509 posts, read 588,134 times
Reputation: 747
Goodness. There are an awful lot of people who seem to be giving your DH quite a pass on being a real husband and father and then blaming you for being an awful wife and mother.

I'm not a SAHM. But my DH and I share parenting duties. It's always been that way. There was obviously times I did a lot more mothering mostly when I was nursing simply because he can't. But when I was nursing and getting babies to sleep, he was washing dishes, folding clothes, packing lunches. Now our girls are one and three, and we switch every night who puts who to who to bed, so we are both on duty every night. Then it's chores together before we have a little bit of time to relax together. (By the way, those giving you flack for separate sleeping arragements- we do the same. There's no reason for him to wake up every few hours. I handle nighttime parenting mostly because I nursed but also because I'm better at getting up at night. Separate sleeping arrangements helps everyone get the maximum sleep at night, and that keeps our relationship healthy.)

If I had to bug my husband to actually spend time with his children, I would be angry too. And yes, I would bug him if he didn't because my children deserve a relationship with him. Thankfully, he loves being with them. Have you talked to your DH and suggested specific activities they might enjoy together? My DH took our three year old to lunch and Disney on Ice this weekend. He takes our one year old to the park. He loves taking then both on walks to Jamba Juice. Encourage DH to find something he enjoys doing and include DS.

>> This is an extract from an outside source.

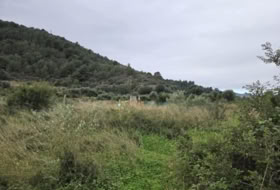 Rafelcofer 2479&nbsp;m² 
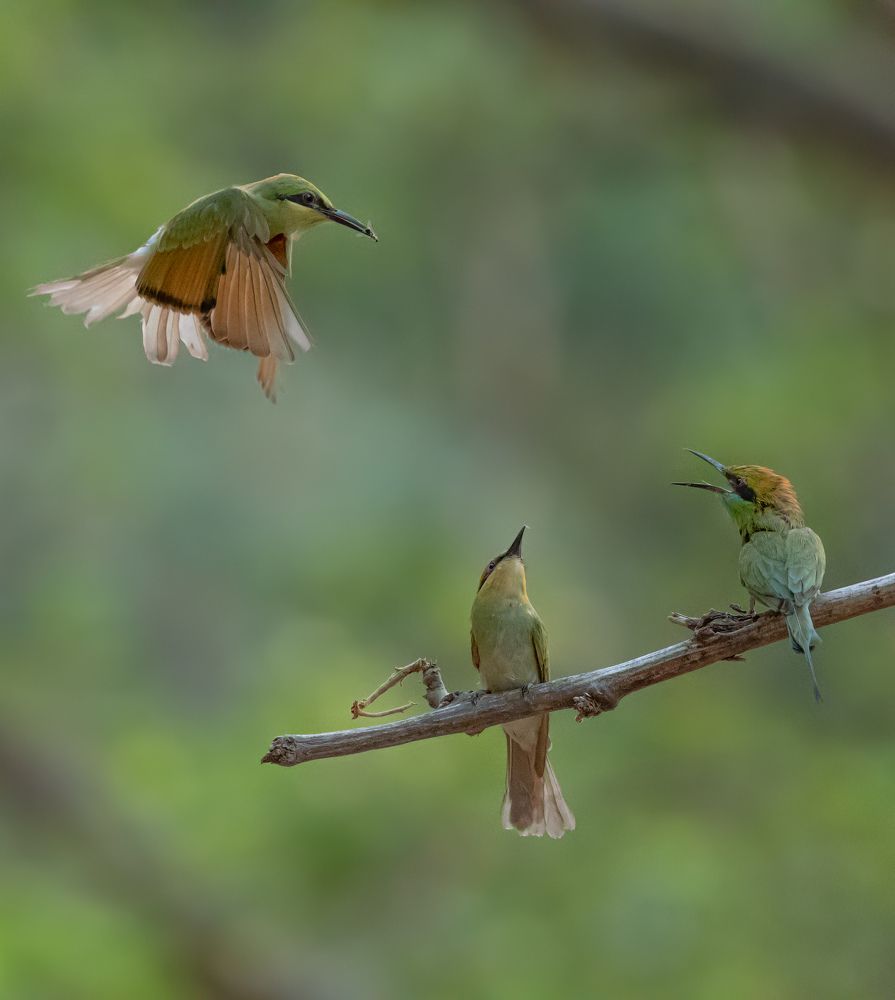 Photograph by Ravi yadav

There's not much alone time in our house. Quite frankly, with two, that just doesn't happen. We don't sleep in anymore (we used to alternate weekend days- he slept in one morning, I slept in the other). We spend the majority if our time all together or else one parent with each girl. It's hard not to have time for myself, but they are so young now that I try to remember it will be over soon and I'll wish it back. However, I'm a working mom, and frankly, work is my break from being a mom, unfair as that seems. But it's true. When I'm home, I'm a mom and there's just not anymore time left to spend lots of time alone every week. This is why. Just don't buy the "he works so he needs time to relax." My DH and I both work and we both parent and there's not much time for alone time after all that. Since you are always home, I think you are the one entitled to a break, actually. If he won't support that, then take naptime for yourself.

I love and respect my DH. But I expect and deserve his love and respect in return. It's not up to one person to make all the sacrifices and allowances. Marriage is a partnership. I would suggest really sitting down and talking to your DH frankly and in a non-confrontational way. Te him what's bothering you, and give him time to tell you what bothers him, too, and work together to fix those issues. Both of you.